▼▼▼

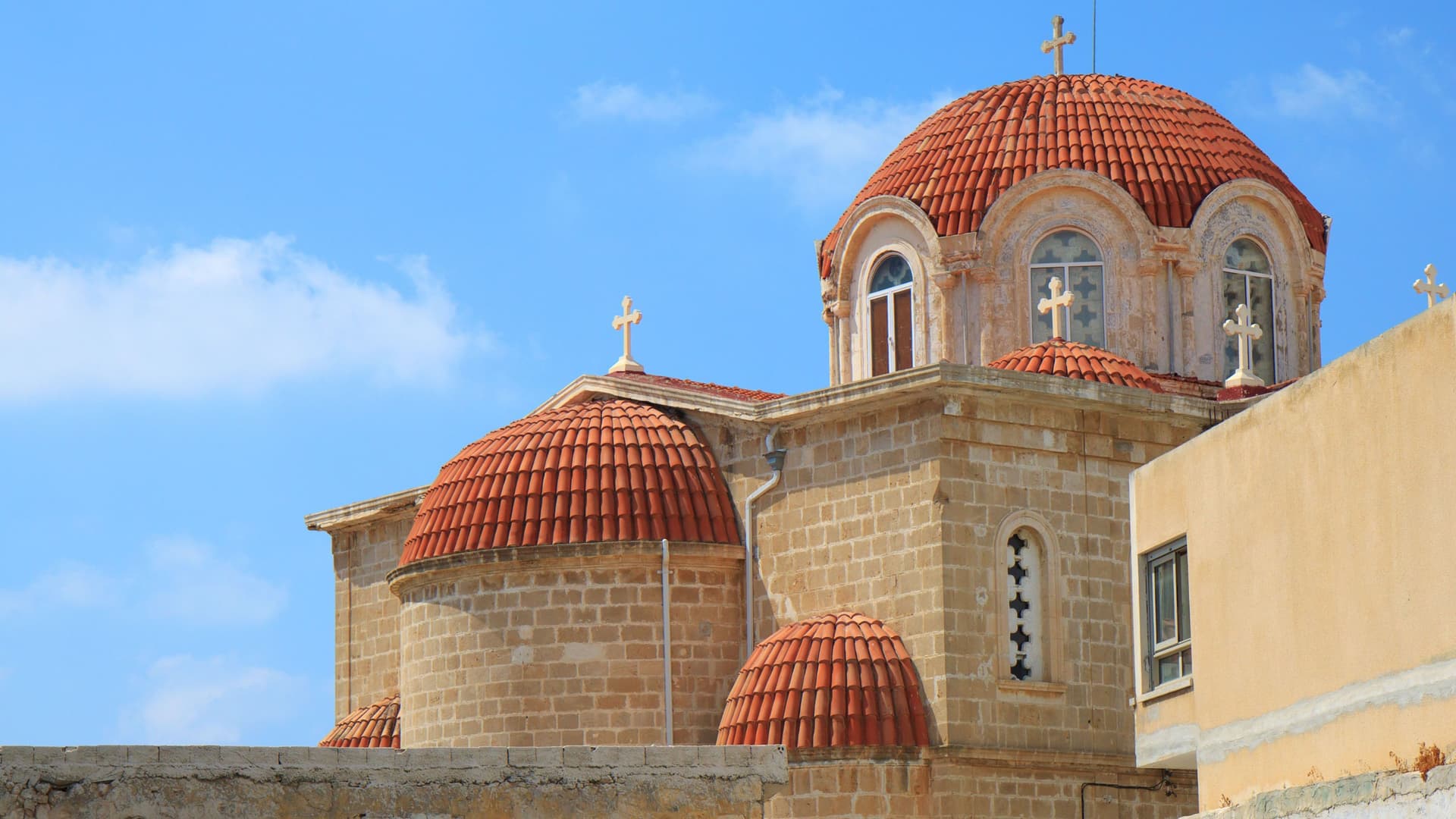 A detailed shot of a traditional, stone-built Greek Orthodox church in Limassol, Cyprus, with multiple red-tiled domes and golden crosses against a blue sky.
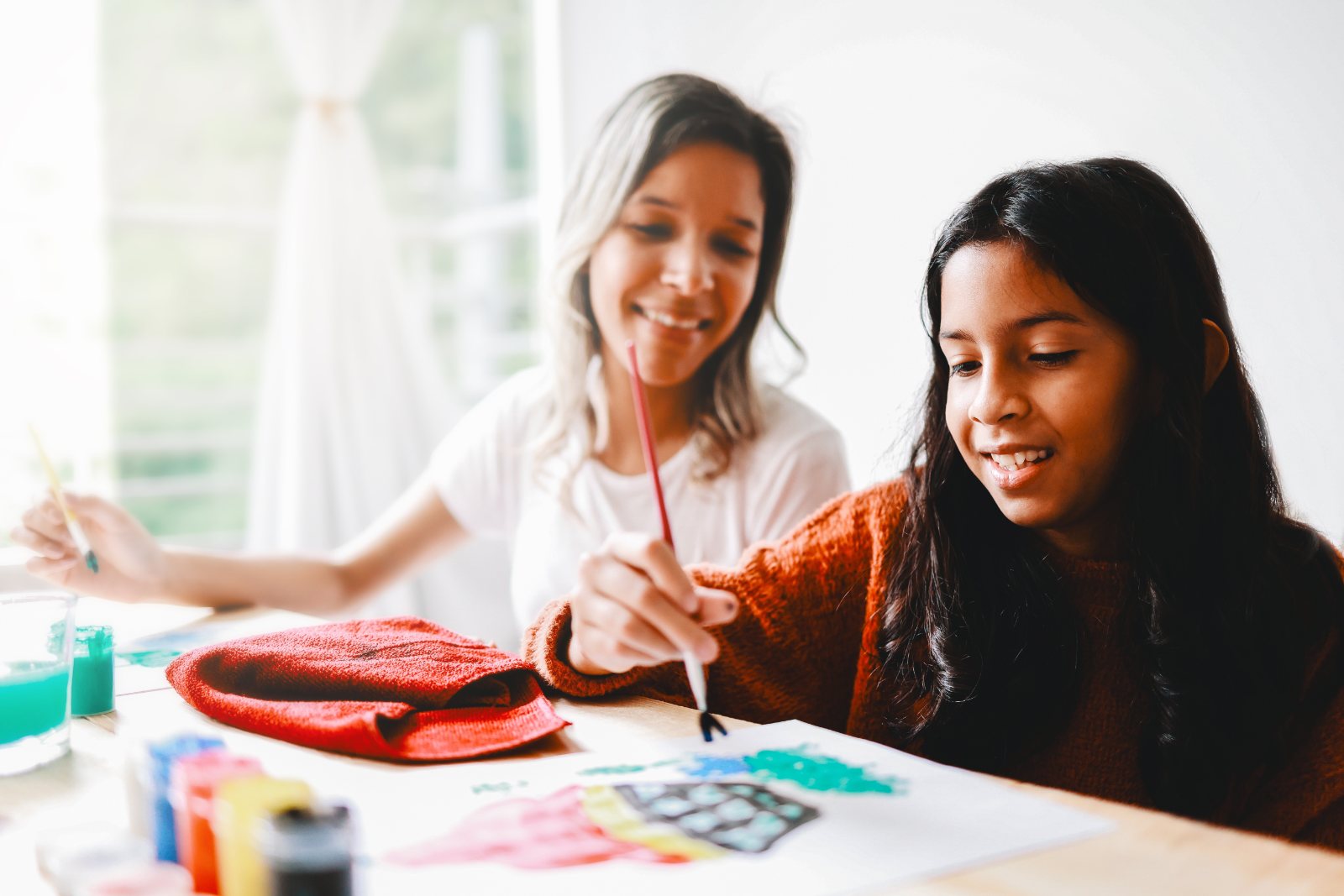 A mother and daughter paint together at the table, smiling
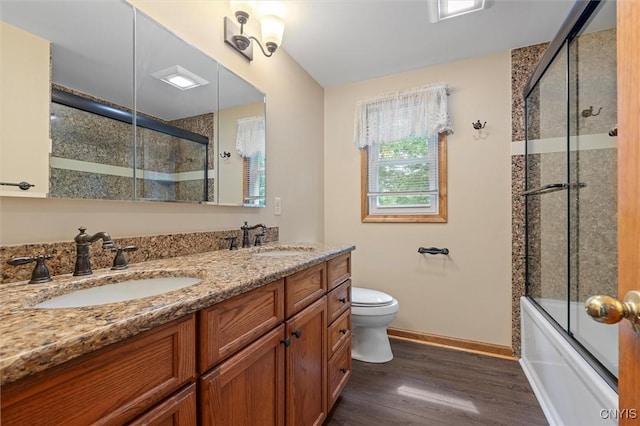 8013 Ginger Rd, Clay, NY 13090 - full bath featuring wood finished floors, double vanity, and enclosed tub / shower combo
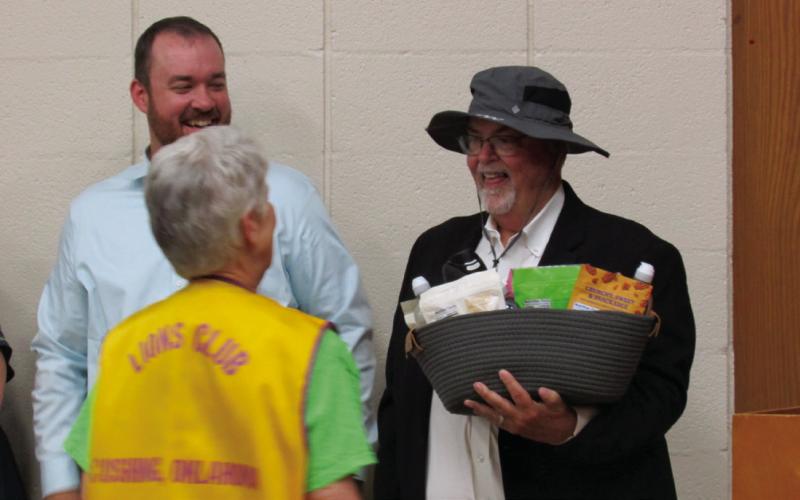 Mike Kennedy looks gleeful as he tries on a new hat that was presented alongside a basket of goodies as the recipient of the surprise Caring for Community award.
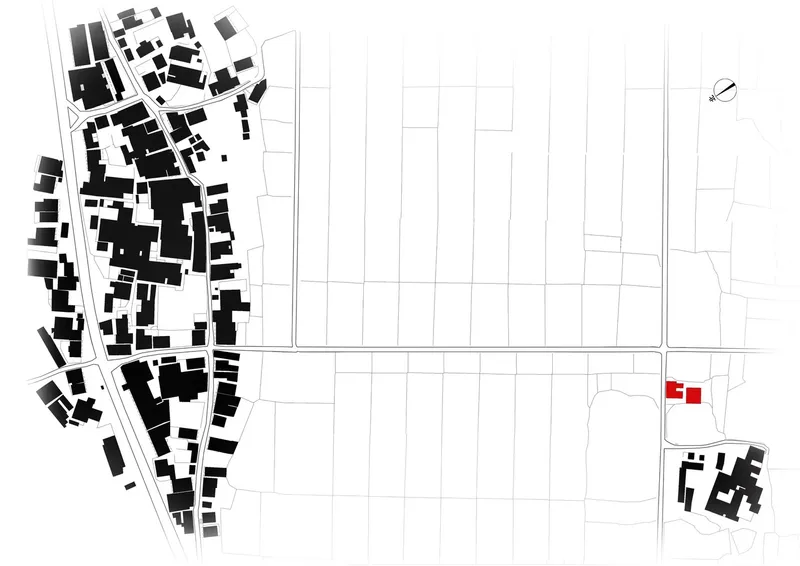 Site plan drawing with the building highlighted in red among surrounding urban fabric and agricultural plots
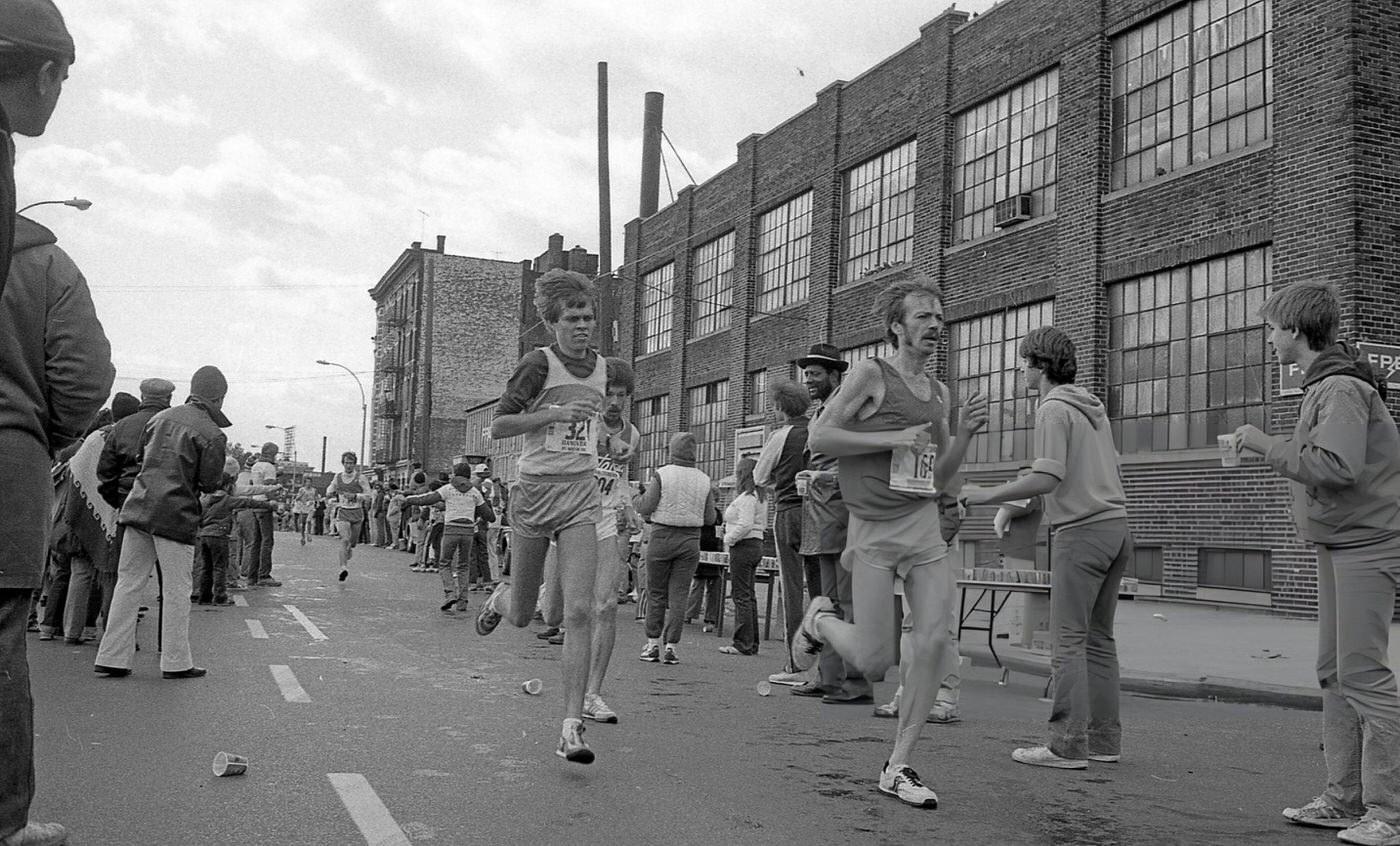 Spectators And Water Station Volunteers Line Crescent Street As Two Runners Pass The 14-Mile Marker During The New York City Marathon, Queens, 1980.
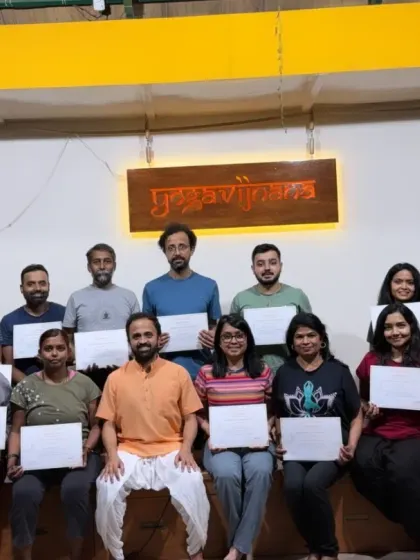 A group photo of the happy participants from our Yoga Kurunta workshop, holding their certificates. These specialized workshops are a great way to dive deeper into specific aspects of the yoga practice.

▲▲▲

**THE PROBLEM**
Return all of the entries word for word, but omit the pictures.

**SOLUTION TO THIS PROBLEM**
 A detailed shot of a traditional, stone-built Greek Orthodox church in Limassol, Cyprus, with multiple red-tiled domes and golden crosses against a blue sky.
 A mother and daughter paint together at the table, smiling
 8013 Ginger Rd, Clay, NY 13090 - full bath featuring wood finished floors, double vanity, and enclosed tub / shower combo
 Mike Kennedy looks gleeful as he tries on a new hat that was presented alongside a basket of goodies as the recipient of the surprise Caring for Community award.
 Site plan drawing with the building highlighted in red among surrounding urban fabric and agricultural plots
 Spectators And Water Station Volunteers Line Crescent Street As Two Runners Pass The 14-Mile Marker During The New York City Marathon, Queens, 1980.
 A group photo of the happy participants from our Yoga Kurunta workshop, holding their certificates. These specialized workshops are a great way to dive deeper into specific aspects of the yoga practice.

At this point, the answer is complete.